4. The Act of Killing
Legendary filmmakers Errol Morris and Werner Herzog were executive producers on this disturbing yet enlightening documentary about the genocidal murder of left-wing and indigenous groups in Indonesia over the course of 1965 to 1966. Director Joshua Oppenheimer and his unnamed Indonesian co-director have one of the leaders of the death squad — Anwar Congo — reenact his crimes in the style of different genres of films, including westerns and gangster movies. Congo and his team are said to have killed a million or more people in that short period of time, but remain free today as the Indonesian right has a stranglehold on the country, with politicians from parties that grew from the death squads holding office. Of course, America didn’t just know about the genocide, but actively funded death squads and sold weaponary to them under the guise of “fighting Communism,” so as always the States has a part to play in the atrocities too.
3. I Am Not Your Negro
This powerful documentary is based on an unfinished manuscript by the influential black writer James Baldwin and is narrated by Samuel L. Jackson.
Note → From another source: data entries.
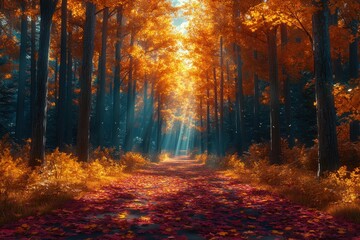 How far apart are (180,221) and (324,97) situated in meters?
5.84

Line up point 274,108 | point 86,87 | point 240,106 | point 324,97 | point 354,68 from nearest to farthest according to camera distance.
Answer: point 324,97, point 86,87, point 274,108, point 354,68, point 240,106

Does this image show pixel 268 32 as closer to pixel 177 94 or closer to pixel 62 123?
pixel 62 123

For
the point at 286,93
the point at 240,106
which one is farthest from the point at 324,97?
the point at 240,106

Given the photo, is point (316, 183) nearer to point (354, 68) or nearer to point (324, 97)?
point (324, 97)

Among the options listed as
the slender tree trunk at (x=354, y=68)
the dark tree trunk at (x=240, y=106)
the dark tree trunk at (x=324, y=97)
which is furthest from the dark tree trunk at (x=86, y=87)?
the slender tree trunk at (x=354, y=68)

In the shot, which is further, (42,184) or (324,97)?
(324,97)

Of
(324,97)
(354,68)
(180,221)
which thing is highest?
(354,68)

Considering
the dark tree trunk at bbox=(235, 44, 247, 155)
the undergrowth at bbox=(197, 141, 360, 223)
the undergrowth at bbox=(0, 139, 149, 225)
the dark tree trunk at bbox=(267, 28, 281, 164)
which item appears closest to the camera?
the undergrowth at bbox=(0, 139, 149, 225)

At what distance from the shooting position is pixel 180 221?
623cm

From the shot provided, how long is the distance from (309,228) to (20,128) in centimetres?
1719

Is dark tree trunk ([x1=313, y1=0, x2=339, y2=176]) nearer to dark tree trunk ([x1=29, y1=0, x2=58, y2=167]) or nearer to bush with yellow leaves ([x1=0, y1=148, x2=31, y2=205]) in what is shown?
dark tree trunk ([x1=29, y1=0, x2=58, y2=167])

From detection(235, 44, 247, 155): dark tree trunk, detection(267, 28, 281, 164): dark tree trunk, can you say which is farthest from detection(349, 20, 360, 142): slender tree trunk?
detection(235, 44, 247, 155): dark tree trunk

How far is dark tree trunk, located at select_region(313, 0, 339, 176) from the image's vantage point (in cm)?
966

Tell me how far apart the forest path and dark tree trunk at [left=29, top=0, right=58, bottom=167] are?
2.09 metres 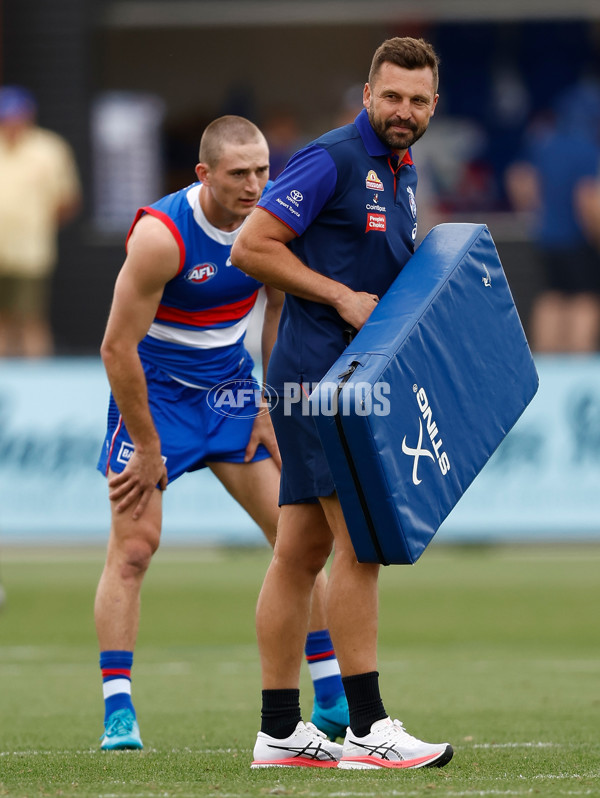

It ties together various aspects of the black experience, including a lack of representation in key areas, the historical and present animosity of white populations toward integration and equality, the way elites whip up racial tensions for political ends, and the commodification of black bodies. Baldwin, and by extension the documentary, argues that America will only survive if it deals with its past and learns to accept the fact it isn’t a totally white space. We’re not holding our breath.
2. The Cove
Dolphin hunting has a long history in Japan, but this 2009 documentary revealed the criminal brutality of this cultural practice in vivid, shocking detail – winning an Academy Award in the process. Filmmaker Louie Psihoyos follows the former dolphin trainer turned activist Ric O’Barry as he chronicles the annual dolphin hunt in Taiji in Japan. Members of the town have long captured and sold dolphins all over the world, but as the documentary reveals they also massacre thousands of the creatures in frankly inhumane ways, aided by the local government and police officials. Even Japanese officials on a national level are keen to minimize the horror, which the wider public in the country is unaware of. An important but sad watch.
1. Taxi to the Dark Side
Another Oscar winner, Taxi to the Dark Side chronicles the sad story of an Afghan taxi driver named Dilawar, who was mistakenly captured by American forces and sent to a government black site, before being illegally tortured and killed. A combination of corruption, negligence, and poor planning allowed Dilawar — and possibly dozens of others like him — to be murdered in truly evil ways by the U.S, not just in Afghanistan but also Iraq and Guantanamo Bay. The film delves into how illegal torture has been normalized, and other terrifying aspects of the so-called “war on terror.”